Exercise instructions ->
Verbatim output, no pictures: the lines from the beginning of the material through the line with "KINGART Stretched White", both ends kept.

Input data ->
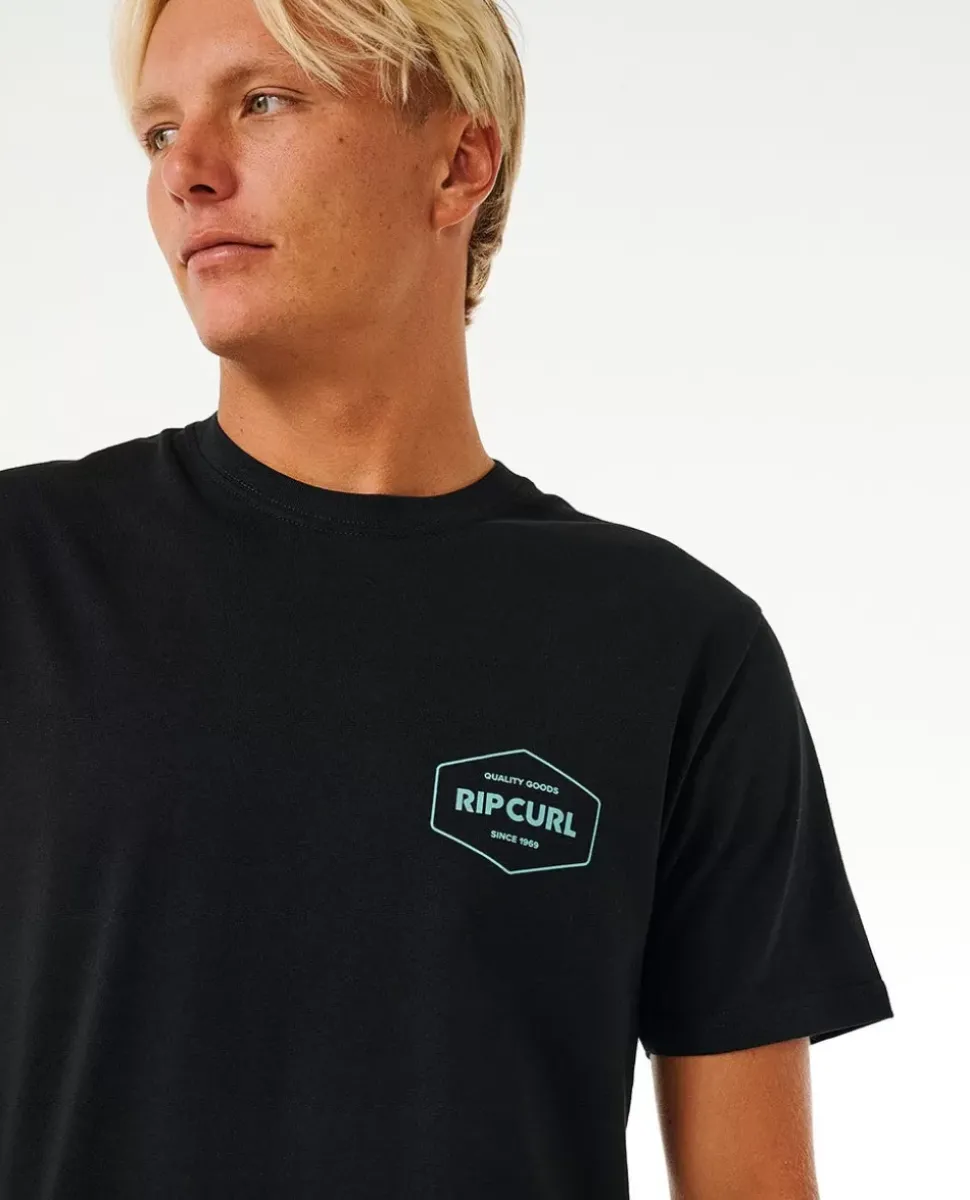 T-shirt De Manga Curta Com Agrafador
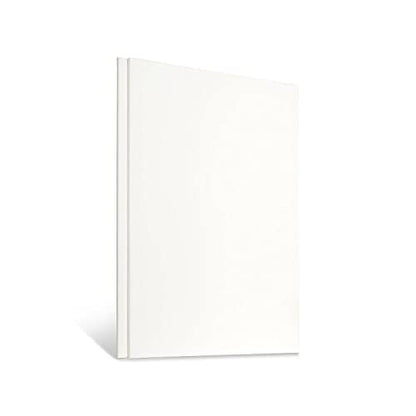 KINGART Stretched White Canvas Set – Rectangle, 24x36 Inch, 2-Pack – 100% Cotton, Triple Gesso Primed – 5/8" Profile Back-Stapled Artist Boards for Acrylic, Oil, Pouring, & Mixed Media Painting - size: 24" x 36"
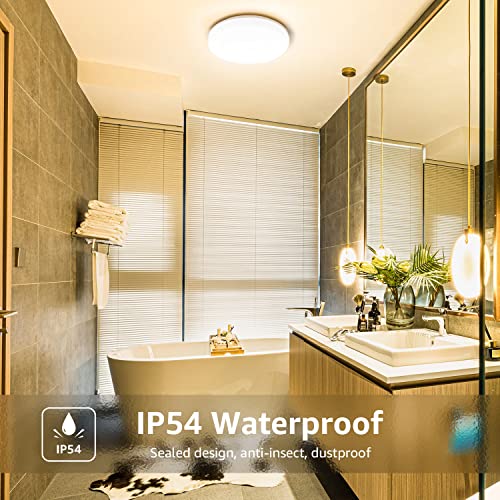 8.7 inch Flush Mount LED Ceiling Light for Bathroom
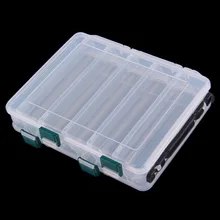 12 Compartment Double Sided Fishing Lures Tackle Hooks Baits Case Storage Box In Stock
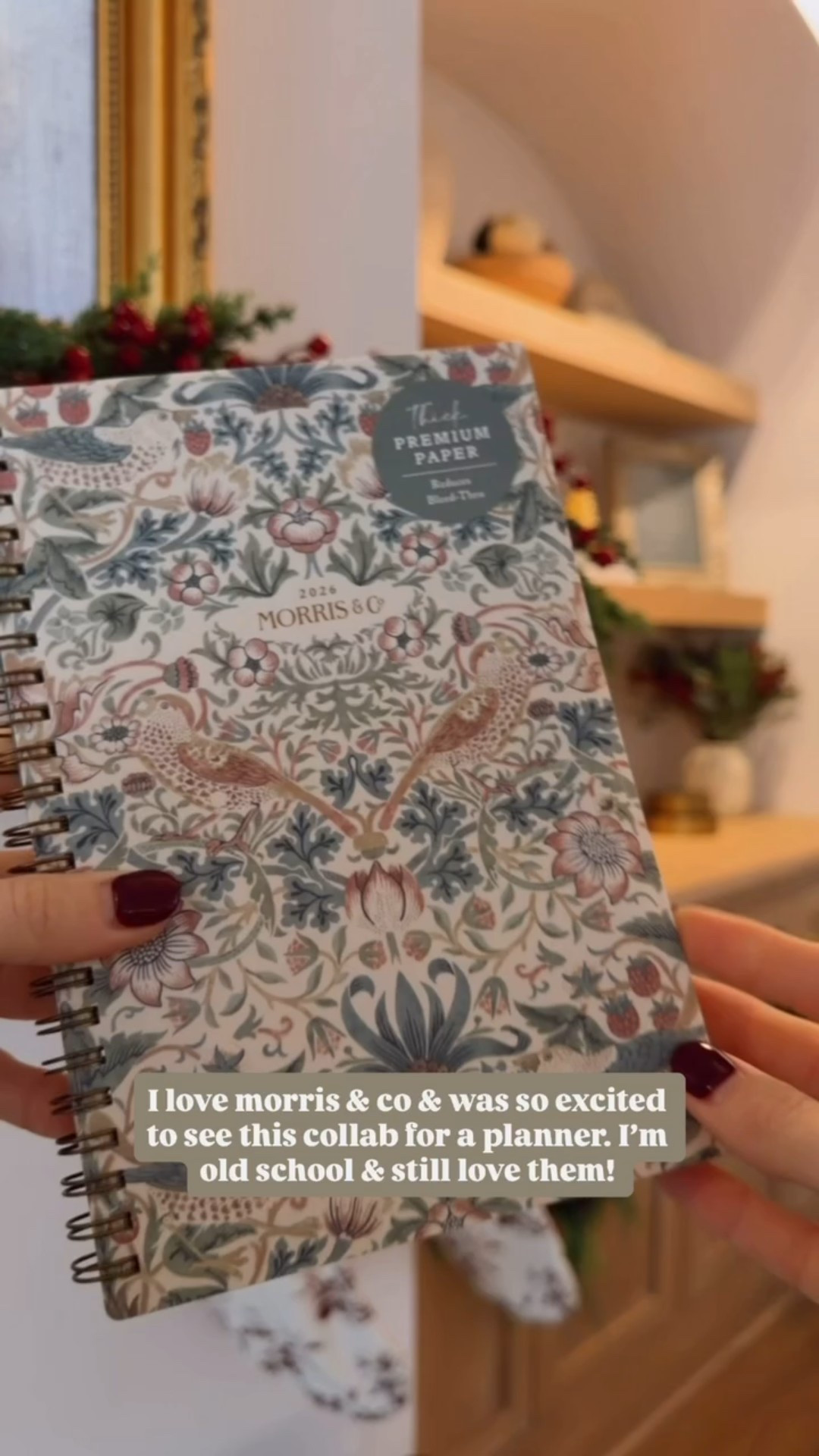 This planner has such a beautiful print! This would make a great stocking stuffer for someone who loves to stay organized!

Loverly Grey, stocking stuffers, 2026 planner, Morris & Co, Target find 

#LTKHoliday #LTKGiftGuide #LTKFindsUnder50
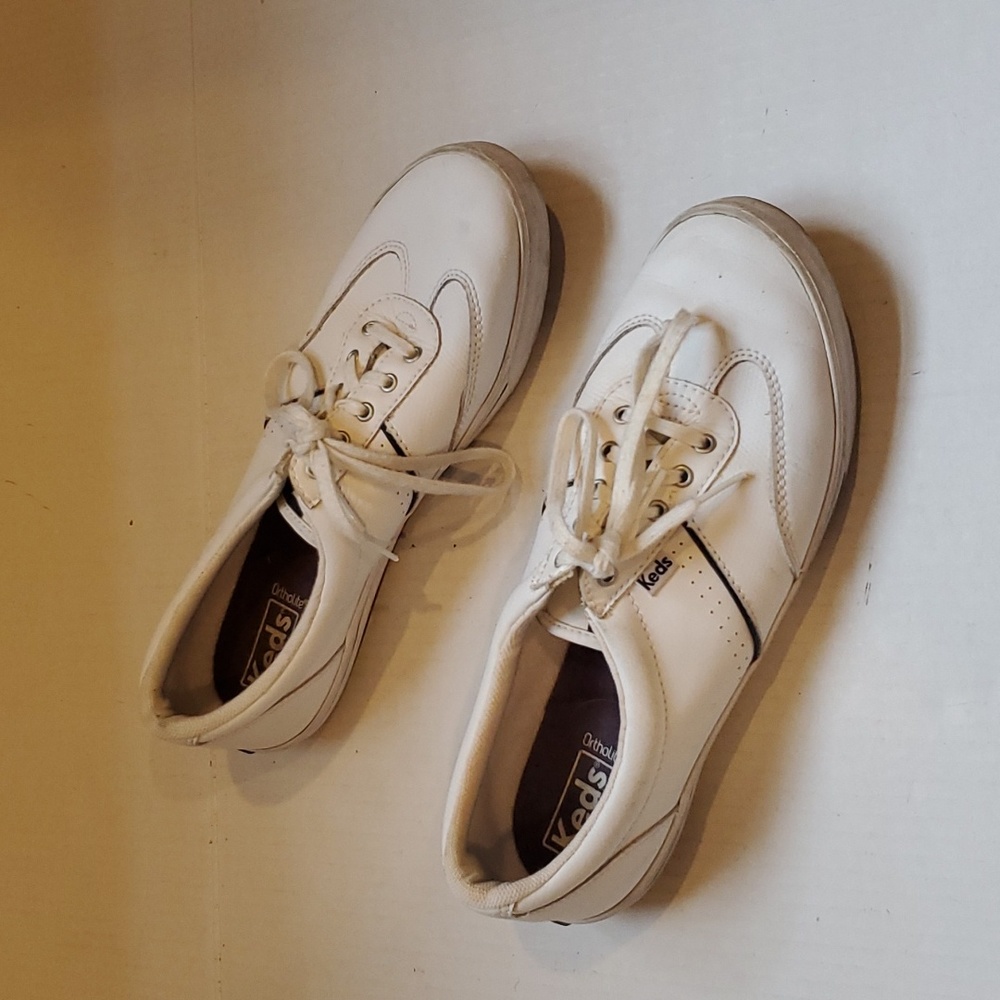 Keds Leather Sneakers. White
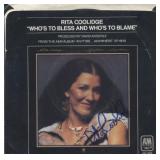 Rita Coolidge signed 45 record sleeve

Result of this exercise ->
 T-shirt De Manga Curta Com Agrafador
 KINGART Stretched White Canvas Set – Rectangle, 24x36 Inch, 2-Pack – 100% Cotton, Triple Gesso Primed – 5/8" Profile Back-Stapled Artist Boards for Acrylic, Oil, Pouring, & Mixed Media Painting - size: 24" x 36"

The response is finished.